== Aim of the exercise ==
Exact copy, no pictures: return only the lines below from the line with "Un palestino herido" up to and including the line with "Toad&Co Women's Brown".

____ Data shown

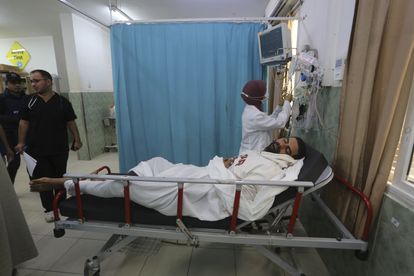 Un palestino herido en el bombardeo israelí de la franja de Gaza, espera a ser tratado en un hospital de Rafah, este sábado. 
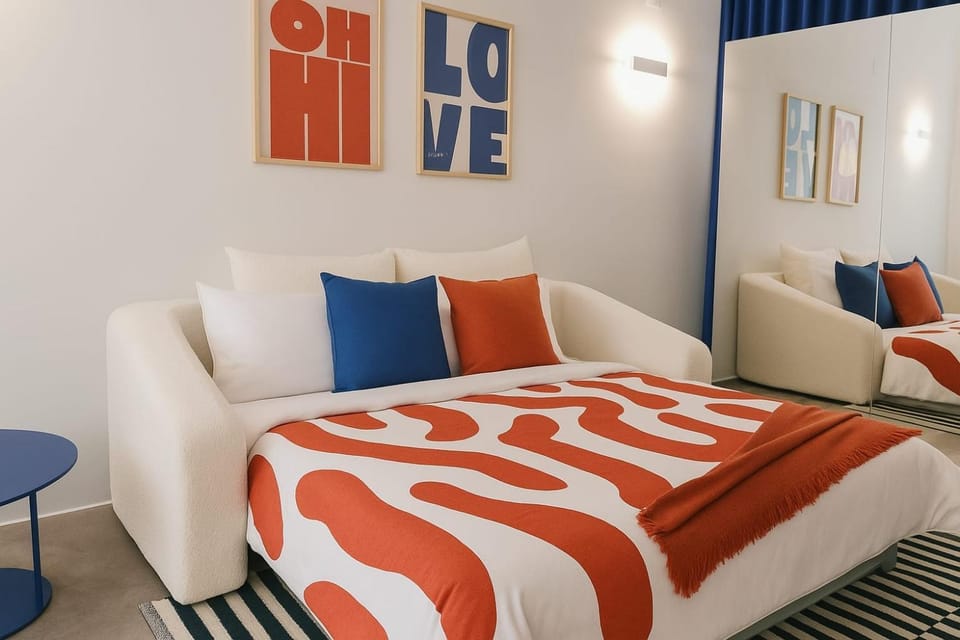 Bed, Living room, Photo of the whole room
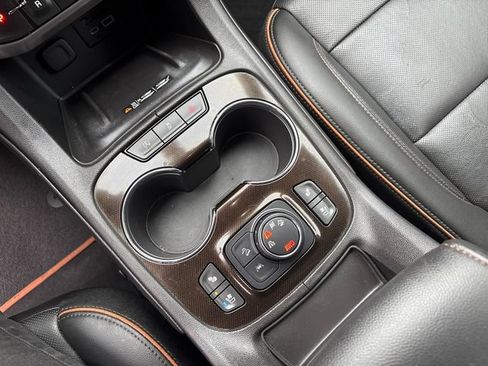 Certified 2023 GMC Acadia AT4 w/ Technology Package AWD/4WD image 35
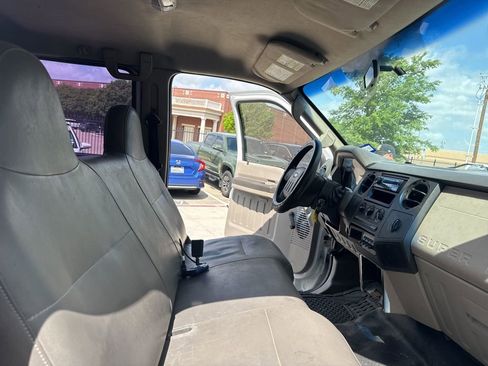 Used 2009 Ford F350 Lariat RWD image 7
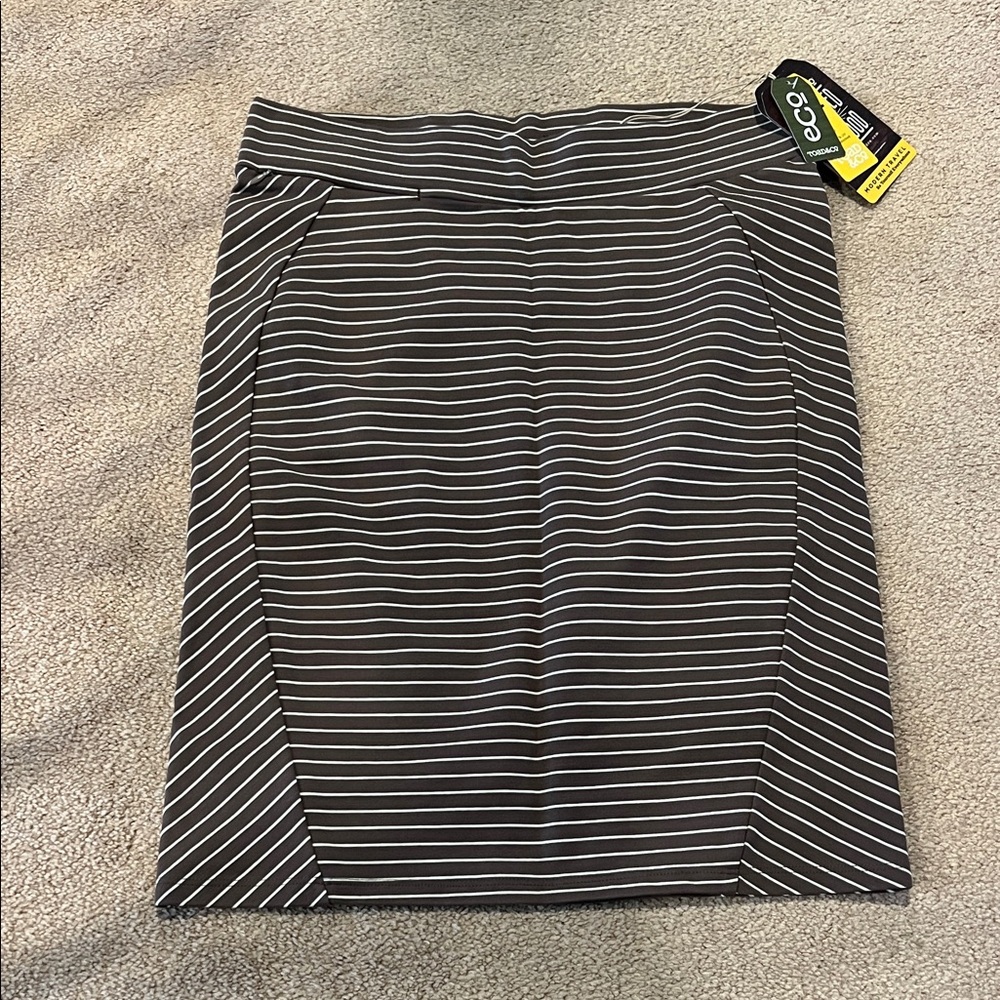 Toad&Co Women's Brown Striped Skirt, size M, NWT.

________
____ Data shown

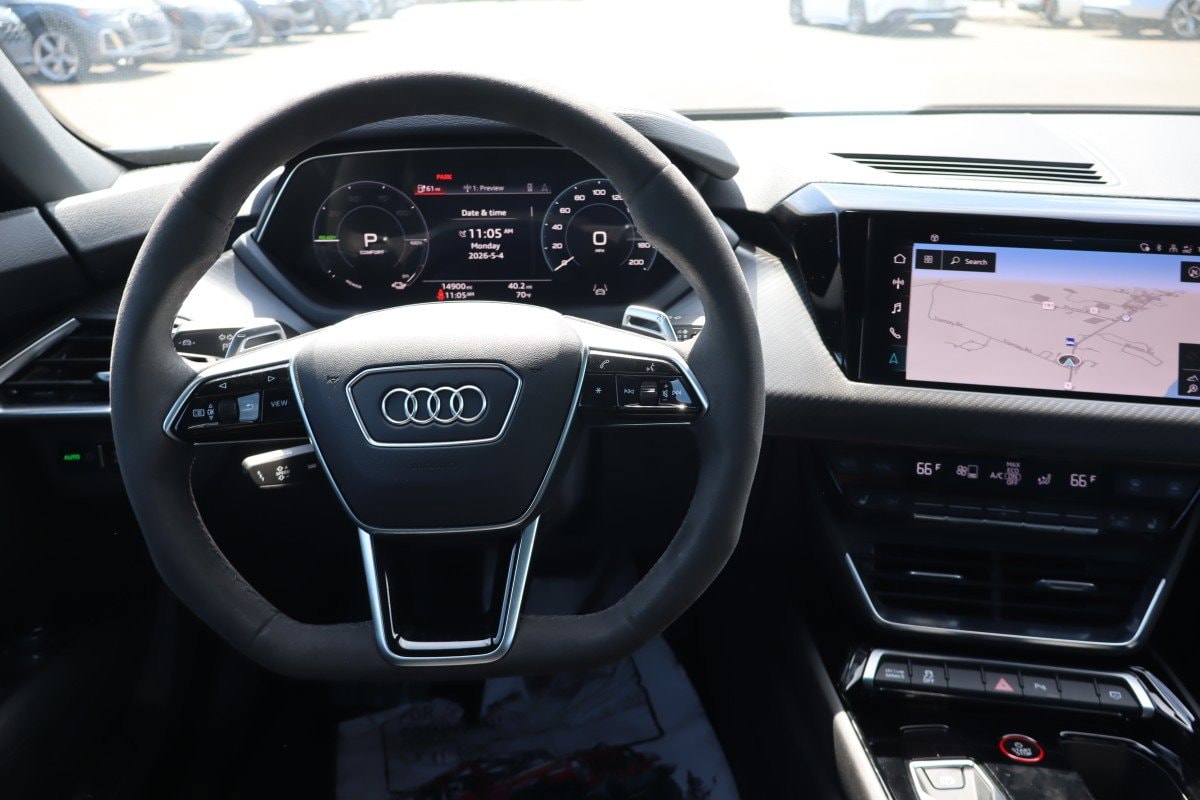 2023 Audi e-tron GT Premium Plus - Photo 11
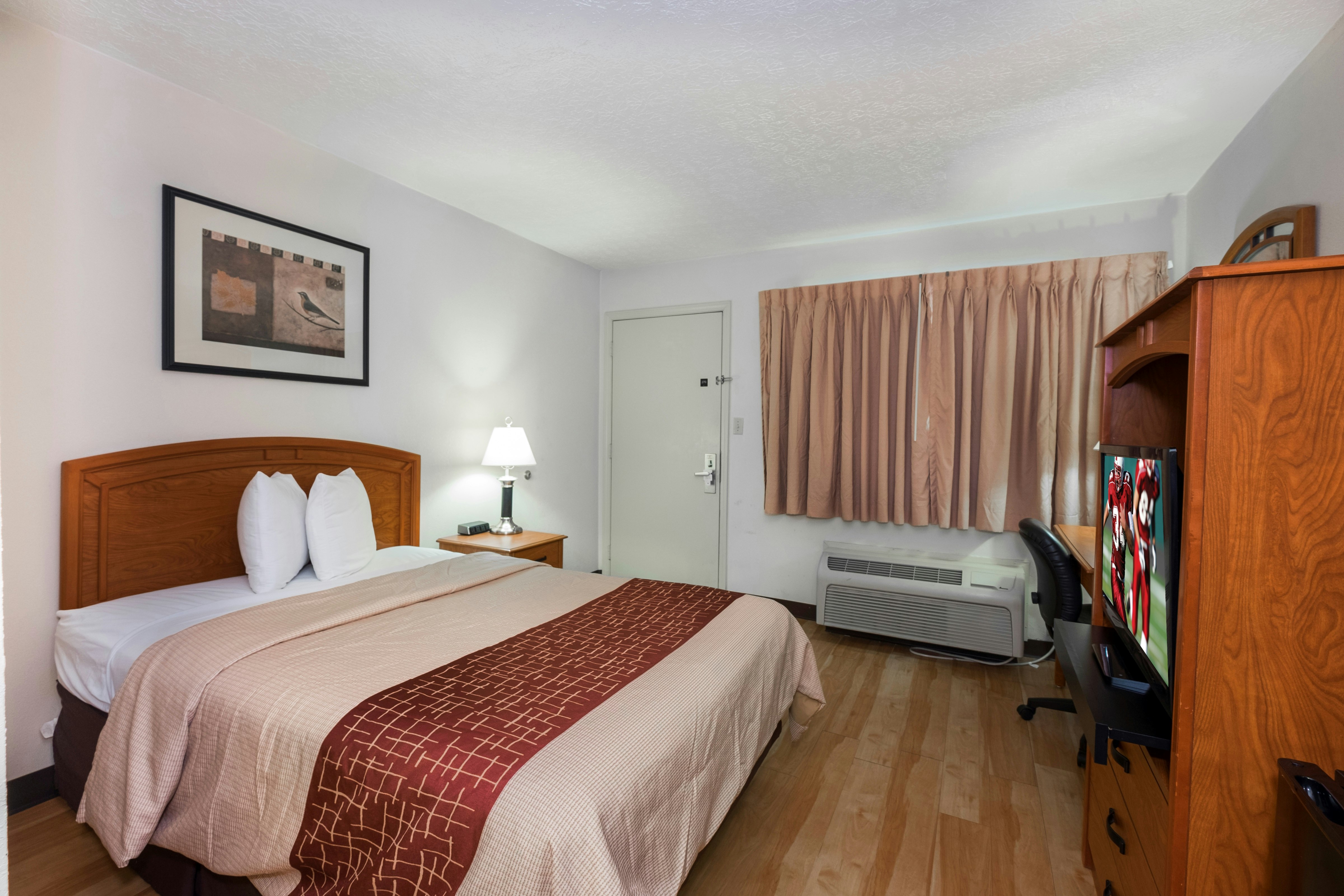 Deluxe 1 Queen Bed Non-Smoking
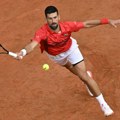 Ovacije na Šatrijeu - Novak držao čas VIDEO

________

== Your response ==
 Un palestino herido en el bombardeo israelí de la franja de Gaza, espera a ser tratado en un hospital de Rafah, este sábado. 
 Bed, Living room, Photo of the whole room
 Certified 2023 GMC Acadia AT4 w/ Technology Package AWD/4WD image 35
 Used 2009 Ford F350 Lariat RWD image 7
 Toad&Co Women's Brown Striped Skirt, size M, NWT.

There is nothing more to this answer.